I feel more fluidity between my self and the city than I did when I first came eighteen years ago, but as Virginia Woolf said, the essay writer’s central conflict is: “Never to be yourself and yet always—that is the problem.” The irresolvable problem, I’d say, is how to be myself and yet also be a Tokyoite, a trick I’m still mastering.
For ten years, I wrote a monthly column about Tokyo for Newsweek Japan, reactions and opinions from my point of view. My early columns were collected into three well-received books in Japan, and two of those are now in English: Beauty and Chaos and Tokyo’s Mystery Deepens.
For this new collection, I am drawing from my later columns in Newsweek Japan published mainly in the four years after the 2011 earthquake. I added a few new essays as they arrived in my head–on the train mainly.
I let some of the essays in this book grow a little beyond their original size, but I kept most around Newsweek Japan’s one-page max because Tokyo life is about spatial limitations. In Tokyo, efficiency of time and space is paramount. Entire stores are devoted to getting things to fit inside closets, kitchens, drawers, bags and six-tatami-mat apartments. In Tokyo, things have to fit. Words are the same. Fewer words do more—and different–work.
In his book on Paris, Adam Gopnik has written, “The essayist dreams of being a prism, through which other light passes, and fears ending up merely a mirror, showing the same old face.” Writing in first-person, I do check the mirror of my own creations from time to time. But I don’t look too long. These essays are less mirror and more prism.
Most of my days in Tokyo are suffused with the white light of daily experience. But from time to time, it hits the prism at the right angles and explodes into meanings, ideas, associations, directions. With a slight tilt, Tokyo diffracts wild spectrums of meanings.

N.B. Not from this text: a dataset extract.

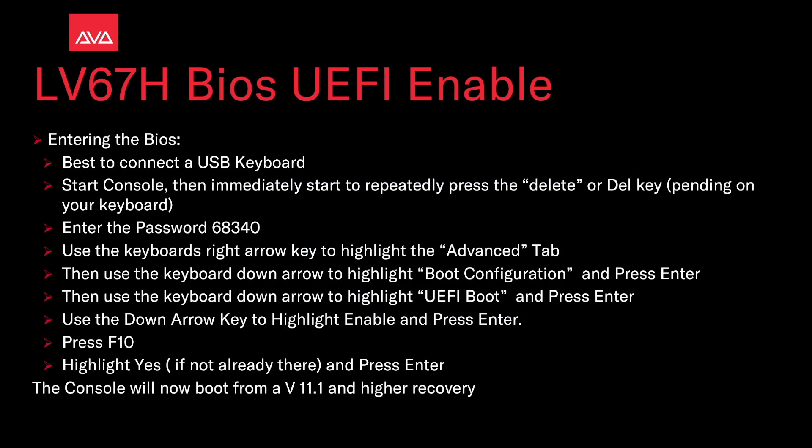To enter the BIOS it's best to connect a USB keyboard. Start the console then immediately start to repeatedly press the Delete or Del key depending on your keyboard. When prompted, enter the password 68340.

Living in Tokyo over the years, teaching, writing, agonizing through the earthquake and tsunami, and riding out the economic downturn, political protests, attitude shifts, and odd westernizations, I feel Tokyo’s careening meanings and beguiling contradictions continue to multiply and beg to be written about.

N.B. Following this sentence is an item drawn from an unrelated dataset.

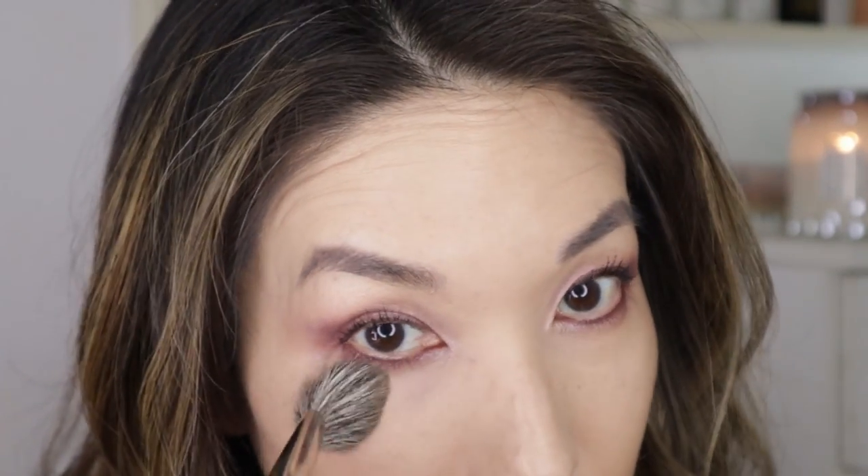Let's start out with the Hakuhodo G511. This is one of my very first little face brushes. And to be honest, I didn't use it for a long time — I just didn't understand how to use it. But now that I've gotten the hang of it, I really, really like this mainly for powdering little areas. So I'm going to dip this into my By Terry setting powder. My skin leans dry, so I try not to put too much powder on — I just try to powder where I need to. And this powder is very subtle, so you might not see a big difference.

A few years ago, NHK–Japan’s PBS or BBC–invited me to help make videos on the topics in my essays. A director, small film crew and I made short English-language videos on Tokyo’s maps, shop signs, drinking joints and other topics. As I stood around waiting to jump in front of the camera on side streets, I started thinking about how words and images are two different ways of exploring and re-presenting the world. Tokyo on TV and Tokyo in essay are two different cities.

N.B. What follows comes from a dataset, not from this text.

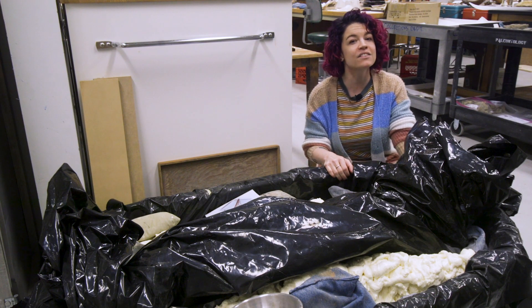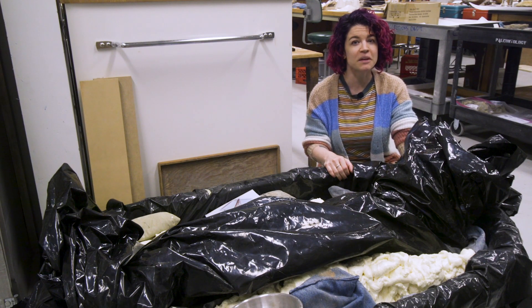Hi, I'm Nicole Doznowski, the paleontology lab manager, and this is Specimen Spotlight.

I started to wonder if the visual images were getting closer to the real Tokyo than my words were. I felt videos caught the city from different angles and in different patterns than essays did. Words do such different work, no matter what language they’re plucked from. Video captures the visual surface in all its splendor, while essays push beneath. Neither explains away the confusions of Tokyo, but essays hold them up for a longer look.
As an American who has made Tokyo home, I’m used to confusion, of course, but then again, maybe “home” is a confusing word no matter what size city, no matter what intensity of urban experience, envelops you.
Being contradictory might be Tokyo’s only consistency. Writing about it is like writing about two sides of the same coin at once. The immensity and weirdness of the city makes it hard to get a foothold, or a “pen-hold.” Essays seem a trifling tool with which to take on the immense project of Tokyo. But they catch the surging energies and fleeting instants of life here.
As the Zen Buddhists say, the finger pointing at the moon is not the moon. The essay pointing at Tokyo is not Tokyo. But then again, a finger or two pointed towards the motions and moments of a fascinating city makes it easier to glimpse them before they slip away.